All year, a narrative has been developing that this fall’s midterms will be a tsunami, that Democrats will get wiped out, that all the energy and excitement is with the GOP. Some of that is true. But, Obama has always been a strong fourth-quarter player, as we saw in the health care debate, using his voice and his arguments to persuade reluctant Democrats to vote for the bill by swaying enough of the voters that polling on the proposal evened out. In the midterms, it is more difficult to win with a fourth quarter strategy: Mr. Obama may be able to energize the base but he is not on the ballot.
The tsunami narrative also tends to obscure the complexity of certain stories. For example, over the past two days, much has been made of the fact that for the first time since 1930, more Republicans voted in primary elections than Democrats. This was seen as evidence of Republicans being especially energized and so it is. But, it is also evidence of the fact that those primaries have been small Republican civil wars in which conservatives rallied to oust not Democrats but moderate Republicans. In Florida, the GOP scrapped its planned “unity rally” after defeated gubernatorial candidate Bill McCollum declined to endorse Rick Scott who won the GOP nod. In Alaska, defeated GOP incumbent Sen. Lisa Murkowski has been searching for an alternate way onto the ballot and has not endorsed Joe Miller who beat her in the primary there. Record turnout? Yes. Wounds that have not yet turned into scars? Yes, also.
Make no mistake about it. The midterms will see Democrats lose seats. When voters are this angry and frustrated with Washington, they take it out on the incumbents and, especially, on the party in power. But, I am not yet convinced of the tsunami narrative. The GOP has nominated some very conservative candidates who will not play as well in a general election as they did in a Republican primary. Kentucky is a Senate seat they should have no trouble holding. Sen. Harry Reid should be the easiest incumbent to known off. Alaska looked to be sending Murkowski back for six more years. Now, all three GOP strongholds are in play.

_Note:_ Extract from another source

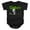 Gollum, variant on Lord Of The Rings Sauron Unisex Infant Snap Suit for Baby (6 Months) Black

The most important thing the President has to do is make a simple argument. He and the Democrats are at least trying to dig us out of the hole. The Republicans appear to want to dig the hole deeper. We can disagree about the specifics, and the President needed to be cautioning against expecting quick results all year, and doing so more forcefully than he has until this week. But, when people are frustrated, they want the government to do something to make things right.